There are few people who can say they’ve actually spent time on Pitcairn Island, a tiny island in the South Pacific that was settled by mutineers from HMS Bounty. The less than 50 inhabitants here today are descended from the band of British mutineers and their Tahitian lovers. The locals are struggling to find new settlers – so much so that land is free and plentiful. Unfortunately, it’s not easy to get here as the closest airport is over 300 miles away on Manareva Island, and from there you’ll have to take a three-day ocean voyage. There is just one general store, though the island does have electricity and Internet. Accommodation is provided through local residents, sharing their homes, culture, language and lifestyle.
Known as the “Unspoiled Queen of the Caribbean,” there are no mass resorts, or even beaches, on this 5-square-mile island. Saba is likely to remind you of what the Caribbean used to be – lots of genuine locals and virtually no tourist traps. There are no franchises. Just idyllic gingerbread houses and well-kept gardens, along with small eclectic bars and eateries that are perfect to pop into after a day of diving or hiking a mountain rainforest trail. Though it’s just a 12-minute flight south from St. Maarten, it feels as if you’re worlds away.

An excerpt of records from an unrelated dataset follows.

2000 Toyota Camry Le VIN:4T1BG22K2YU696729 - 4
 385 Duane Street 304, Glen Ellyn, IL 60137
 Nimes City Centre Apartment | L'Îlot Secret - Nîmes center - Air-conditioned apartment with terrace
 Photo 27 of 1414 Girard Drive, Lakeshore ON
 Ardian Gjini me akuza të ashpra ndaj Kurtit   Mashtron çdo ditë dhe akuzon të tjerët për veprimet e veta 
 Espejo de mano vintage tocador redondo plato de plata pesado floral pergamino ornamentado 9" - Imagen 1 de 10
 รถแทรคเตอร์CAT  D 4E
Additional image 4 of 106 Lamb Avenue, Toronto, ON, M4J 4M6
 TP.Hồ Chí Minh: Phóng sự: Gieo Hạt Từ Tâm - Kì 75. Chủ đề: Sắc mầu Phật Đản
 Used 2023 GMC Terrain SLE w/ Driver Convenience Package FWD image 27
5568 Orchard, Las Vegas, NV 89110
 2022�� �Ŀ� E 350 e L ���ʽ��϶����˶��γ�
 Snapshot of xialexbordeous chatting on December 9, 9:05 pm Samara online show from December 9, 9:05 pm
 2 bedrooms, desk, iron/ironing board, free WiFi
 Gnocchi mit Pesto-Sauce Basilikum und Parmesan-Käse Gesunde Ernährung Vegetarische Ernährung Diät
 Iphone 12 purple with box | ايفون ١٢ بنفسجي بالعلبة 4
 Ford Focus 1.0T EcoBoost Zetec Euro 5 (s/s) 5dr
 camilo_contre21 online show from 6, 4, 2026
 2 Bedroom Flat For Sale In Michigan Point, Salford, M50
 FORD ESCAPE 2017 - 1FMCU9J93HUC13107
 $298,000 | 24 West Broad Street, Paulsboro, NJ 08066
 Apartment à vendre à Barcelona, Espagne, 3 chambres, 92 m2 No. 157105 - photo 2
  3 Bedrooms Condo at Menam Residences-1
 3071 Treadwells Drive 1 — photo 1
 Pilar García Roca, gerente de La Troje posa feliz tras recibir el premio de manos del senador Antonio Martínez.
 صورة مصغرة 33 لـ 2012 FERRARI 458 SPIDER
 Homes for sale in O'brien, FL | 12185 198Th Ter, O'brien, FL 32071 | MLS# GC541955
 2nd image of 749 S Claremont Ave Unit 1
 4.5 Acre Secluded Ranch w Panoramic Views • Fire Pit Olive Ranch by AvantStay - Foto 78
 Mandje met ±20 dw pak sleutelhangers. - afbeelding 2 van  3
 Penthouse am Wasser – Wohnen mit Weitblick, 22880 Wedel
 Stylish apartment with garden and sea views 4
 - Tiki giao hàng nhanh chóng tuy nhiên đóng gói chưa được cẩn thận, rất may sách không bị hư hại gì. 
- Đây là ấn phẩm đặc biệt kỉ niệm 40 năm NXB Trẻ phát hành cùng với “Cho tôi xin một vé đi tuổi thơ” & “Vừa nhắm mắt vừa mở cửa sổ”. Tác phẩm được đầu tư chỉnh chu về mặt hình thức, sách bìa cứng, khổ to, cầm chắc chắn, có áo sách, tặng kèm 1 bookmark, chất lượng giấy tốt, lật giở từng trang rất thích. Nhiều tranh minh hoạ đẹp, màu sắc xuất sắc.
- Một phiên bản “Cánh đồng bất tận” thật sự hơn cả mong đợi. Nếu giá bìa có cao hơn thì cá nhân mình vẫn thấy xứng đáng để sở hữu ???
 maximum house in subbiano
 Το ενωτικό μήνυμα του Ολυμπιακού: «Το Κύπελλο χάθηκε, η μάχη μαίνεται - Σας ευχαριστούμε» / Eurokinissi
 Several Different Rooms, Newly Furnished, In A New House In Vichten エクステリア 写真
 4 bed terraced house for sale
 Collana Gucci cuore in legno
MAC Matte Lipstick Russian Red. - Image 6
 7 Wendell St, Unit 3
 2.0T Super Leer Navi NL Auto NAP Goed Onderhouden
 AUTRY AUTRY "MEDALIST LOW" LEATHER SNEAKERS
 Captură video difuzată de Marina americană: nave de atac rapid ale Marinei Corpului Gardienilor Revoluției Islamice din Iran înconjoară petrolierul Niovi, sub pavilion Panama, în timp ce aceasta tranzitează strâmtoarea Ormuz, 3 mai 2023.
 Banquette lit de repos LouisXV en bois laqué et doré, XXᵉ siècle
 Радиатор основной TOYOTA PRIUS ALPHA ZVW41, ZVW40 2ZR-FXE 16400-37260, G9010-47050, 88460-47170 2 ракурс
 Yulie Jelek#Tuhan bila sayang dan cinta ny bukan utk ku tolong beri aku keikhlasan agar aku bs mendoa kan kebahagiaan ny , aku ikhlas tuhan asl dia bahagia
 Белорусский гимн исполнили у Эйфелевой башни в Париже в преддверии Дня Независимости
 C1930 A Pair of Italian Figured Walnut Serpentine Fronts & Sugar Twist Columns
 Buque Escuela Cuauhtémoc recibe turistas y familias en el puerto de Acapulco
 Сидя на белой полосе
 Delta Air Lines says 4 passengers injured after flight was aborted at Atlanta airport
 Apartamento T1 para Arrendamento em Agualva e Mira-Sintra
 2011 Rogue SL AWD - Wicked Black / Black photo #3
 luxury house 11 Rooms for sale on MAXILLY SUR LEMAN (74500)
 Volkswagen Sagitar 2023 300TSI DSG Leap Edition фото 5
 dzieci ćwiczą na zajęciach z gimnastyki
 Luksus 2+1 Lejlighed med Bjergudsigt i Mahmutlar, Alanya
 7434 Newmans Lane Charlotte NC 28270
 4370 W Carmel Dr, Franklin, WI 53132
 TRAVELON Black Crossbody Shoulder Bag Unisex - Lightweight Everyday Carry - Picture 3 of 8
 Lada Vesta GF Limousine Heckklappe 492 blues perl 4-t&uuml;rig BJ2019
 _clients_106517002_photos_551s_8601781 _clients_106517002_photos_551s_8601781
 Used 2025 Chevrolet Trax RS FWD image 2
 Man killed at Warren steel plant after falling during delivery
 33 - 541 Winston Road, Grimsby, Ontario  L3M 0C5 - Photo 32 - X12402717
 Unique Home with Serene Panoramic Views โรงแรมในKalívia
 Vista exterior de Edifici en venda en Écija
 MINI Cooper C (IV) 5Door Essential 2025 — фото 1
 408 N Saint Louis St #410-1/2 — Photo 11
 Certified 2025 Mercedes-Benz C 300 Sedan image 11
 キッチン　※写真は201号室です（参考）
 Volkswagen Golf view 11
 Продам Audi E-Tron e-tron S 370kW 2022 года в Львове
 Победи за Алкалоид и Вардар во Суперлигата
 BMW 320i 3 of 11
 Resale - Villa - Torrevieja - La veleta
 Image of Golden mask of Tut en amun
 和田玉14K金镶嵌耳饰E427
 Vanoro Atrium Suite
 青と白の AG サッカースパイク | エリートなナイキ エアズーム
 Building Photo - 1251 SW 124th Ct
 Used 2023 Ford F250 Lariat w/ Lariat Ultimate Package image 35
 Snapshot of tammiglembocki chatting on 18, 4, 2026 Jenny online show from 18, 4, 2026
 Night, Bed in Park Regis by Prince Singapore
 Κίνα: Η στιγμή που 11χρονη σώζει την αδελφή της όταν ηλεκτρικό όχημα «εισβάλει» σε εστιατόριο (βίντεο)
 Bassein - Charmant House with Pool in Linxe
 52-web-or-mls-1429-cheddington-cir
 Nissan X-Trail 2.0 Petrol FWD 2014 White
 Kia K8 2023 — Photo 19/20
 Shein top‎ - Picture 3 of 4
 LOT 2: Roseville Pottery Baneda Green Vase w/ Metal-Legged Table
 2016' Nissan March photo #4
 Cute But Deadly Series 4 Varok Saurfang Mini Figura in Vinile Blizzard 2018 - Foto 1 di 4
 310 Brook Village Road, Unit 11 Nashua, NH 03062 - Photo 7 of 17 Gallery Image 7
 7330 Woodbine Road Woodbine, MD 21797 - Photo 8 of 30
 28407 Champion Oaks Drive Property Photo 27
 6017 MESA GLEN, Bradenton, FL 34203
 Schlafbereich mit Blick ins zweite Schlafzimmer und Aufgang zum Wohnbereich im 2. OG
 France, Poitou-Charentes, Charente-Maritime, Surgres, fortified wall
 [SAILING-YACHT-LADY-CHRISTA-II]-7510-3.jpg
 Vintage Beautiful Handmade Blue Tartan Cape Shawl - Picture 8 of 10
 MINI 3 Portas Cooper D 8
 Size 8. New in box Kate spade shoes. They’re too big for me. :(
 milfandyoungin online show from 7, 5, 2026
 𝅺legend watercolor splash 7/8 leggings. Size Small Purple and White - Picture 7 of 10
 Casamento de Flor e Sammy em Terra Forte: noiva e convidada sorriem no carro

Cafayate offers a small town feel despite being Argentina’s second wine center after Mendoza, world renowned for its aromatic dry white wine, but also producing some fine reds, including cabernet sauvignon and Malbec. The city is incredibly scenic too, with pre-Andean peaks, romantic street-side cafes and hilltop estancias, though the main reason to visit is the wineries. Rent a bike to get out and enjoy the free wine tours, and free tastings. A goat cheese factory is also open to the public for tours and tasting, pairing perfectly with a glass of fine vino.